Or, Philippe d’Orléans, fin psychologue, se prend un jour à confesser la jeune comtesse d’Évreux et, à sa grande stupeur, finit par apprendre que son époux n’a jamais daigné en faire sa femme selon l’amour. Généreuse, Anne-Marie attribue ce dédain au fait qu’elle et son époux habitent toujours l’hôtel du financier et que cette cohabitation rappelle trop quotidiennement ses origines plébéiennes.

Fort de cette confidence, le Régent convoque le mari récalcitrant et lui tient à peu près ce langage : « Vous aurez votre capitainerie et je vous en porterai le brevet moi-même quand vous habiterez un hôtel vous appartenant. »

C’est un ordre déguisé. Aussitôt Évreux se met en campagne, achète au financier Law un terrain de mille deux cents toises d’une valeur de 77 090 livres situé sur l’ancien « marais des Gourdes ». Comblés, ces marais forment à présent un beau terrain situé entre le Grand Cours – futurs Champs-Élysées – et le village du Roule.

L’architecte Mollet se met au travail sur ce terrain et, à la fin de l’année 1718, l’hôtel d’Évreux est inauguré au cours d’une fête donnée dans les salons du rez-de-chaussée. Il n’est pas question de visiter le premier étage car, toujours fidèle à son avarice, le maître des lieux n’a pas jugé utile de le faire décorer. Il n’en reçoit pas moins le brevet tant désiré mais ne s’en va pas pour autant frapper à la porte de sa femme.

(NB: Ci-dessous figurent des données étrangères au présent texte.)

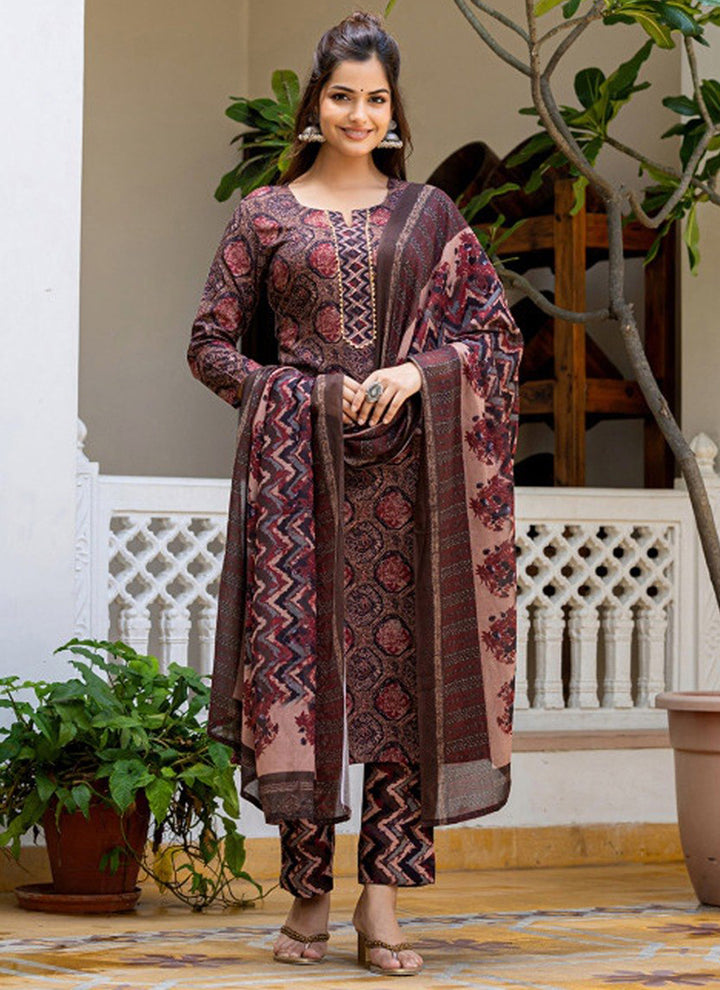 Brown Rayon Printed Traditional Kurta Set
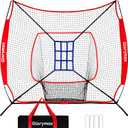 Baseball Practice Net with 9-Hole Strike Zone Target, 7x7 Ft, Bow Frame Design for Batting, Pitching and Throwing Training,Portable with Carry Bag for All Levels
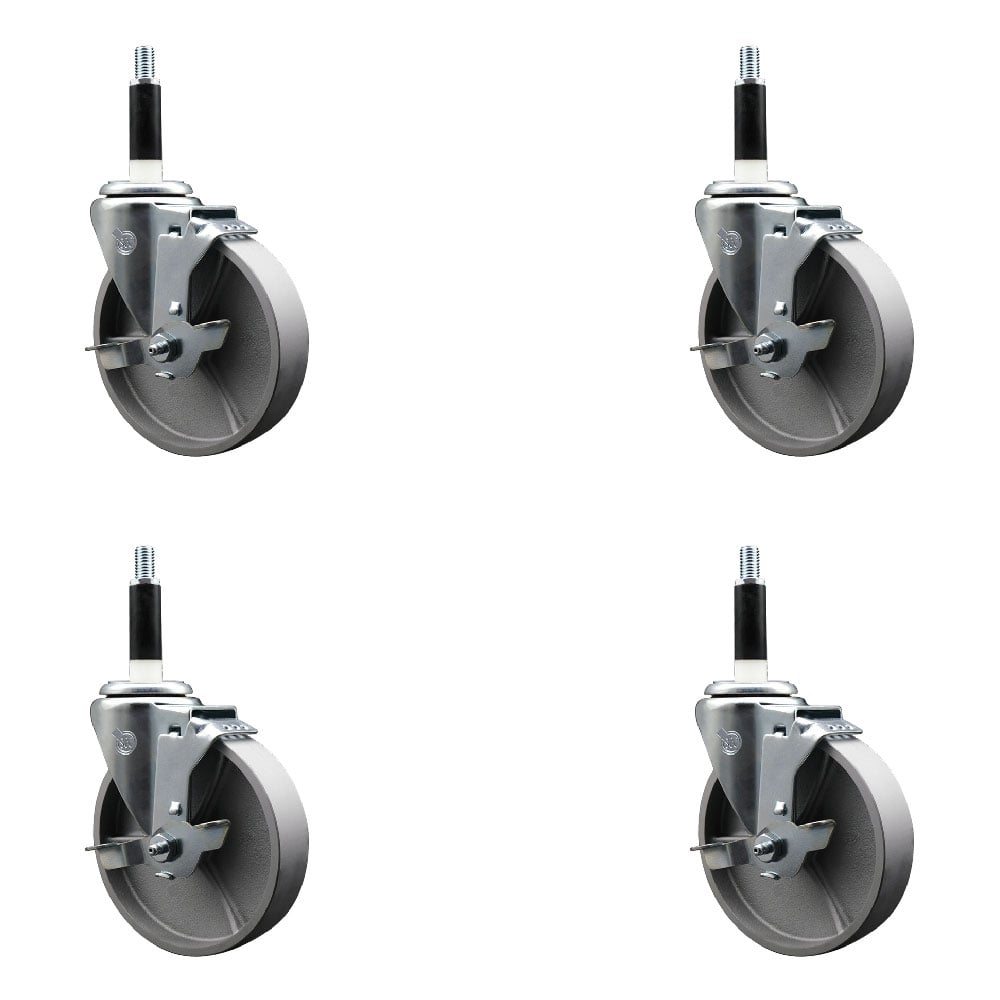 Semi Steel Swivel Caster - Silver - Set of 4 - 1200 lbs Capacity
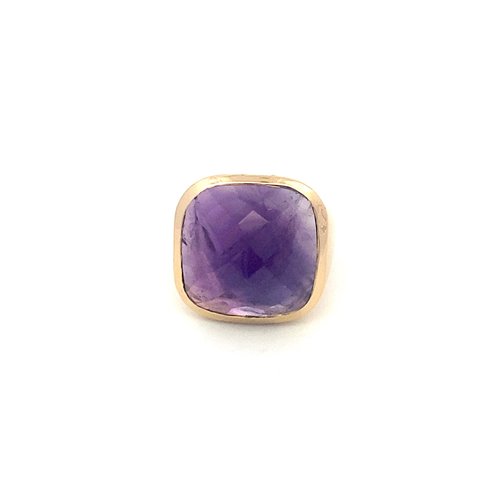 Ring stone purple goldplated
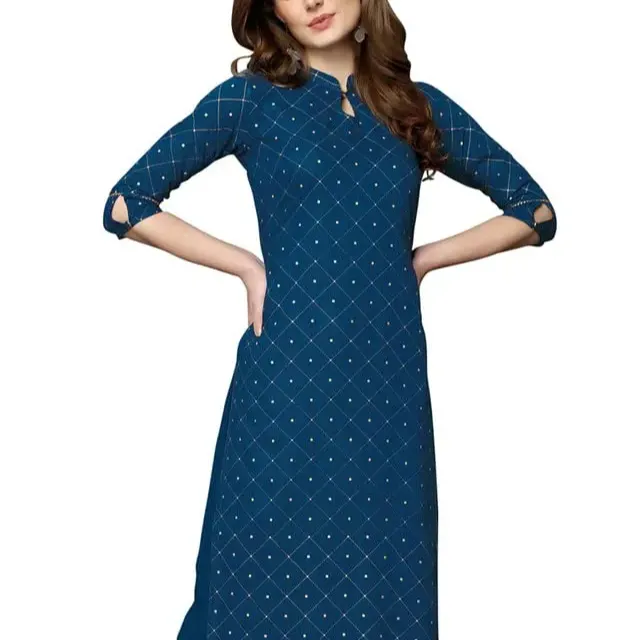 Rayon fertig hergestellt l Sommer blaue Farbe gedruckte Freizeitkleidung langer Kurti für Damen indische Kleider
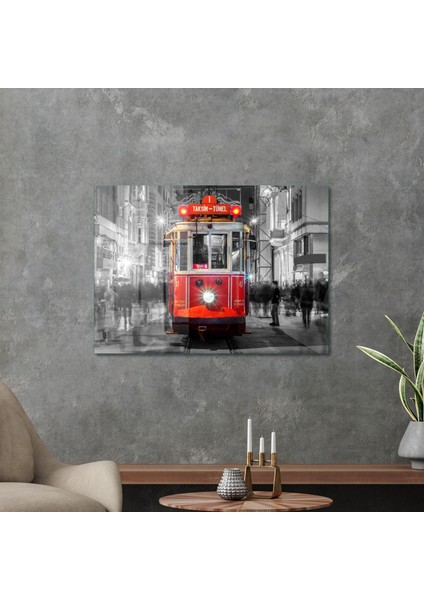 Cam Tablo Tramvay Beyoğlu Şehir Manzarası 70X100 cm modelleri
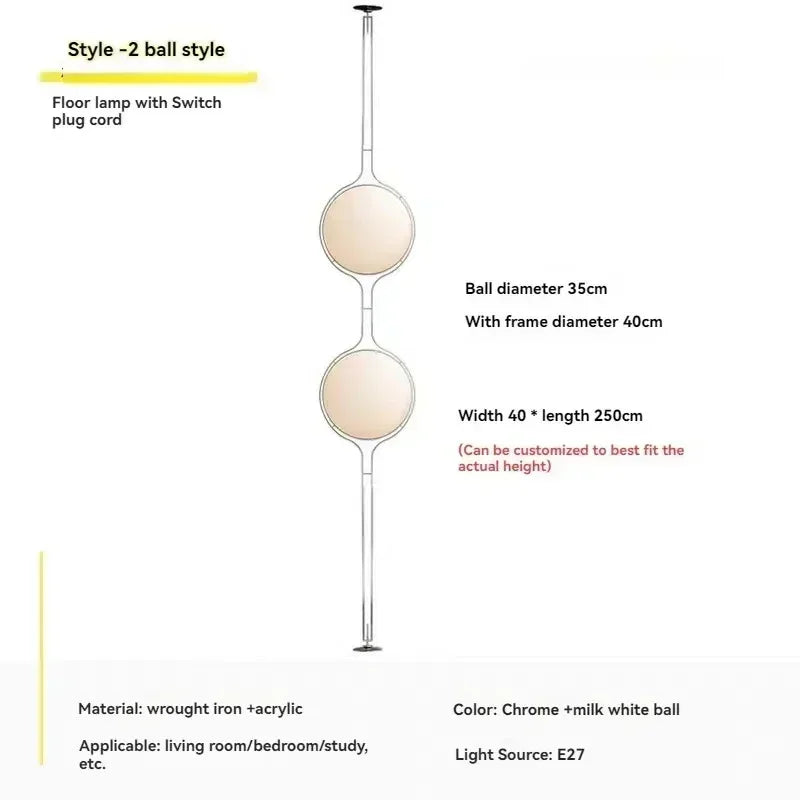 2026 Modern Creative Chrome Floor Lamp - White Acrylic Ball LED Standing Light
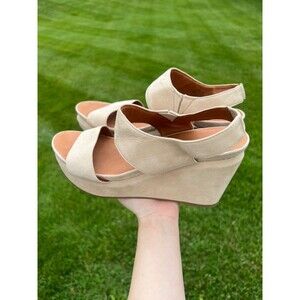 Gentle Souls Juniper Barry Suede Wedges Women's 11M Leather Platform Sandals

C’est au cours de cette fête inaugurale que la jeune Anne-Marie comprend son erreur en voyant la maîtresse en titre de son époux, la duchesse de Lesdiguières, s’efforcer de prendre ouvertement sa place. Elle sait à présent qu’elle ne sera jamais la femme de son mari et d’ailleurs elle s’aperçoit en même temps d’une étrange opportunité : elle ne le souhaite plus.

Quelques mois plus tard, après avoir demandé la séparation de corps et de biens, Anne-Marie quittait l’hôtel d’Évreux pour rentrer chez son père où elle mourut en 1729, à peine âgée de trente-cinq ans. De son côté, le mari, usé par les débauches, apoplectique et retombé en enfance, trouva le moyen de lui survivre de nombreuses années dans le palais qu’il avait fait construire et où il entretenait un train chiche. Ce n’était plus guère qu’un déchet humain quand la mort le prit en 1753. Quelques mois plus tard, l’hôtel d’Évreux devenait la propriété de la marquise de Pompadour.

Quand elle achète l’hôtel, la marquise n’est plus favorite qu’en titre. Sa santé jointe à une certaine froideur de tempérament lui interdit l’alcôve royale mais elle demeure pour Louis XV la confidente, l’amuseuse, l’amie irremplaçable. Elle le demeurera encore plus de dix ans mais, elle le sait, sa situation de maîtresse platonique a des pieds d’argile. Le roi tient à elle, certes, mais qui peut dire si son cœur et surtout ses sens ne vont pas un jour ou l’autre l’attacher à quelque jolie femme particulièrement habile… aussi habile qu’elle l’a été elle-même ?

La Pompadour sait également qu’ils sont nombreux ceux qui, sous les lambris dorés de Versailles, la détestent et guettent sa chute. Alors, elle s’est cherché à Paris une maison agréable, une maison qui sera la sienne, achetée par elle, payée de ses deniers, arrangée selon son goût. Ce sera l’hôtel d’Évreux qui d’ailleurs gardera ce nom.

Tout de suite elle s’est mise à l’œuvre, remaniant profondément les intérieurs, décorant enfin le premier étage qui a été beaucoup négligé, attirant à elle selon son habitude les meilleurs artistes du temps afin de recevoir un jour le roi dans un cadre digne de lui et digne d’elle. En réalité elle ne séjournera pas beaucoup dans sa belle maison parisienne car Louis XV ne permet guère qu’elle s’éloigne de lui.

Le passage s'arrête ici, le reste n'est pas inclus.